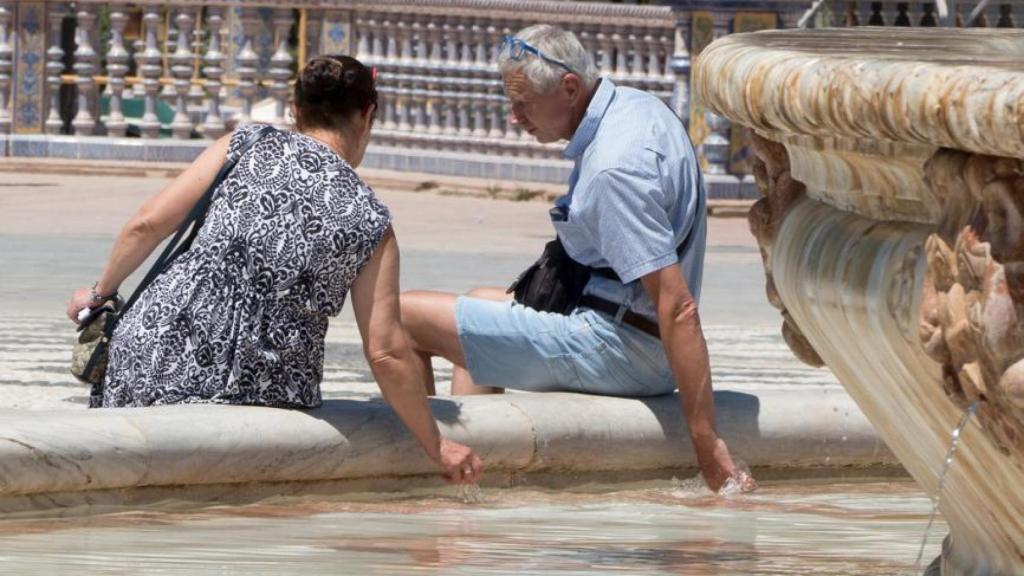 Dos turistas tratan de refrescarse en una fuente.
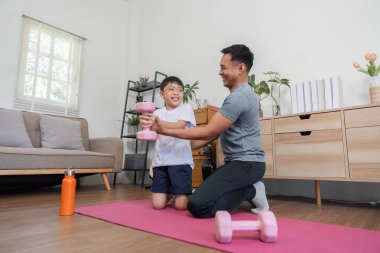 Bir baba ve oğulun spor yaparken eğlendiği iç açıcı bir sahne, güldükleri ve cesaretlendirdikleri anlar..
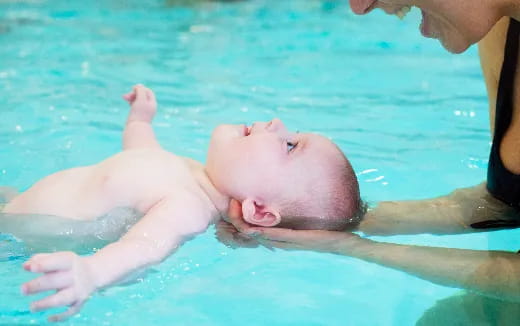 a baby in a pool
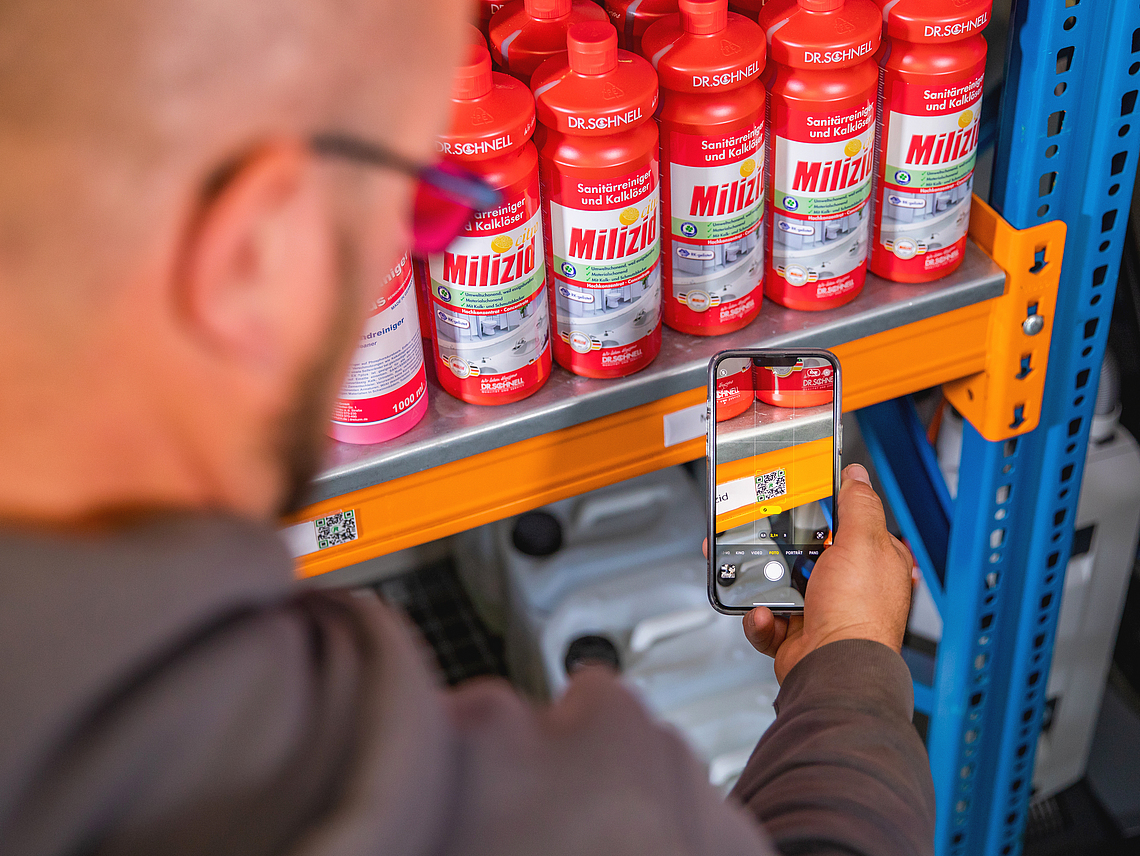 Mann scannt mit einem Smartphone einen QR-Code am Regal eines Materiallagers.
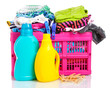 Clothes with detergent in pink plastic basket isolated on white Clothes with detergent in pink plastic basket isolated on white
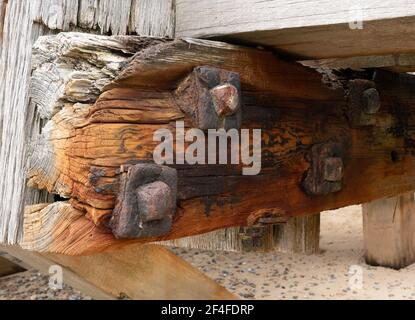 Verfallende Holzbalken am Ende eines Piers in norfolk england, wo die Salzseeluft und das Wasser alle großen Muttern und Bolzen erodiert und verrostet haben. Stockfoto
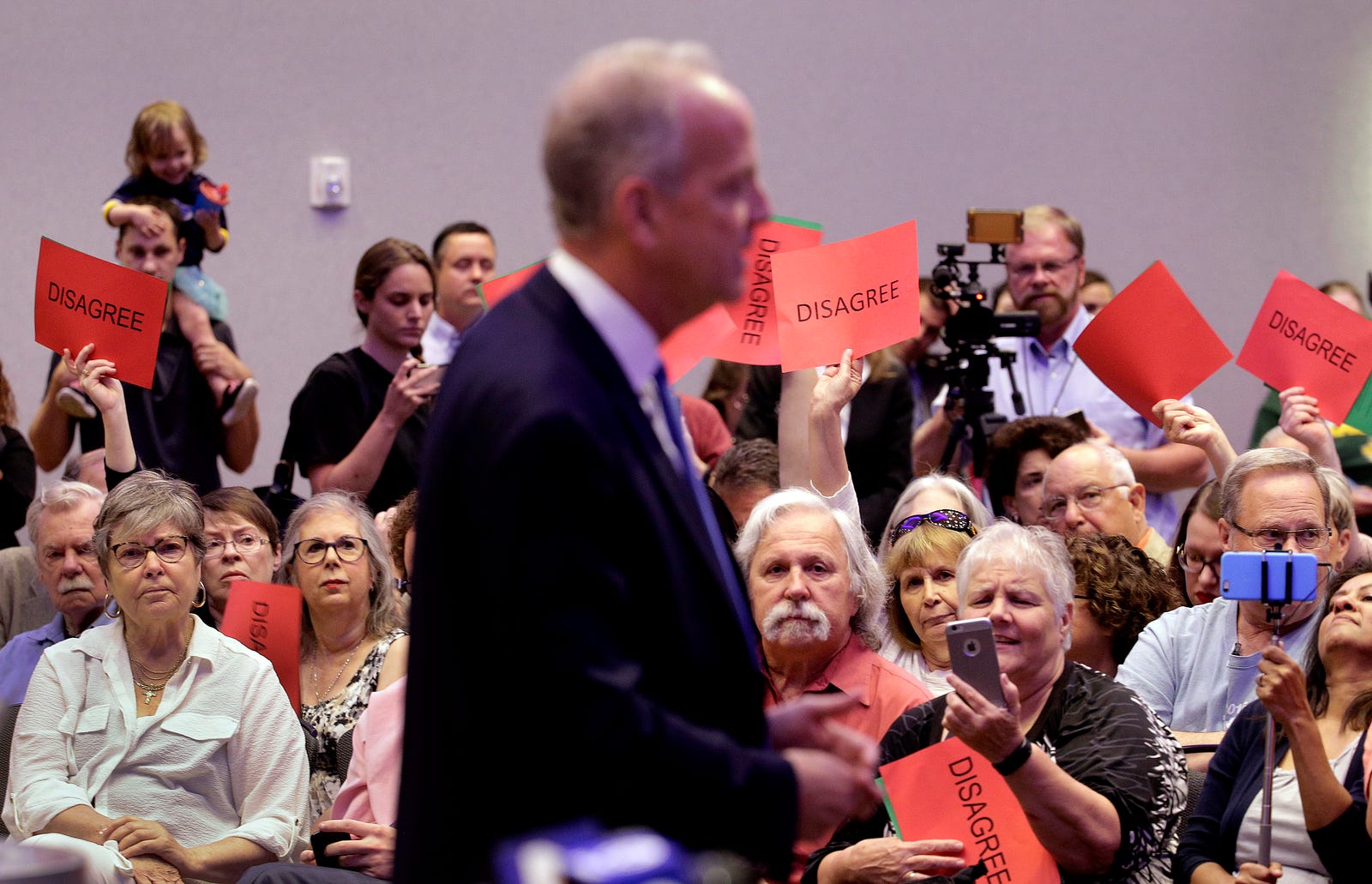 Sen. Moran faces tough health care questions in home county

◆ ◆ ◆ ◆

● Your task:
Return the listing verbatim; pictures are not part of the copy.

● Result for this task:
 Dos turistas tratan de refrescarse en una fuente.
 Bir baba ve oğulun spor yaparken eğlendiği iç açıcı bir sahne, güldükleri ve cesaretlendirdikleri anlar..
 a baby in a pool
 Mann scannt mit einem Smartphone einen QR-Code am Regal eines Materiallagers.
 Clothes with detergent in pink plastic basket isolated on white Clothes with detergent in pink plastic basket isolated on white
 Verfallende Holzbalken am Ende eines Piers in norfolk england, wo die Salzseeluft und das Wasser alle großen Muttern und Bolzen erodiert und verrostet haben. Stockfoto
 Sen. Moran faces tough health care questions in home county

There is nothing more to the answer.